What is needed:
Copy each line of the data below exactly, leaving out pictures.

Provided data:
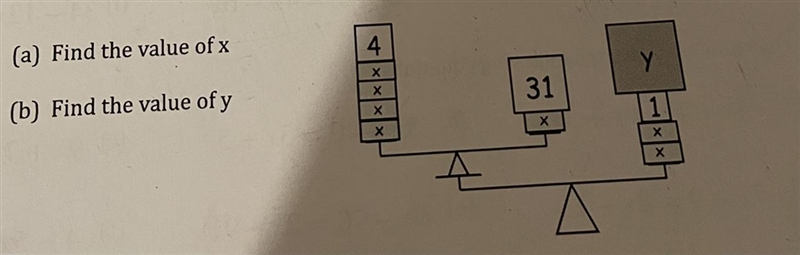 Find the value of x Find the value of y-example-1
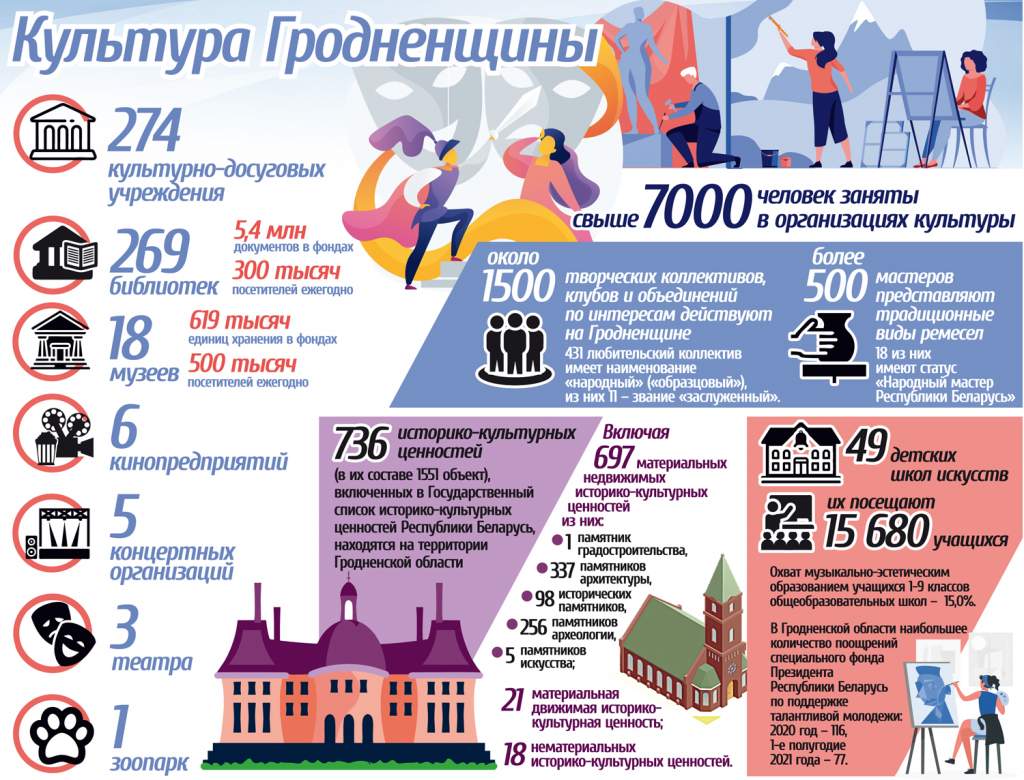 ИГ - Культура Гродненещины.jpg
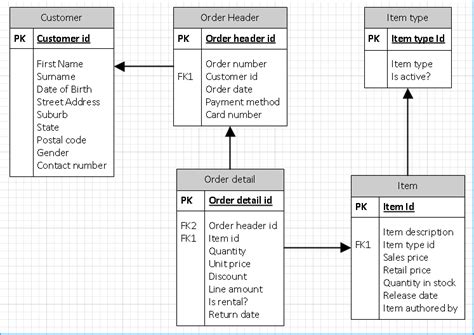 Image result for Database Simple Model for Kids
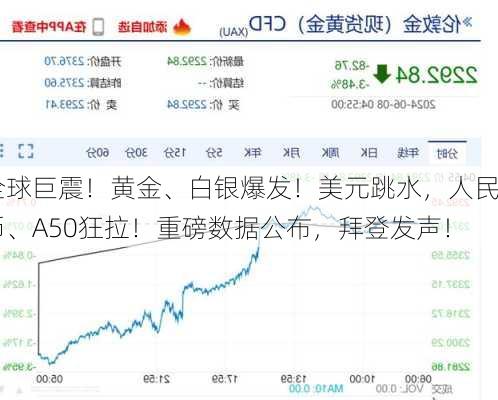 全球巨震！黄金、白银爆发！美元跳水，人民币、A50狂拉！重磅数据公布，拜登发声！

Response to the task:
 Find the value of x Find the value of y-example-1
 ИГ - Культура Гродненещины.jpg
 Image result for Database Simple Model for Kids
 全球巨震！黄金、白银爆发！美元跳水，人民币、A50狂拉！重磅数据公布，拜登发声！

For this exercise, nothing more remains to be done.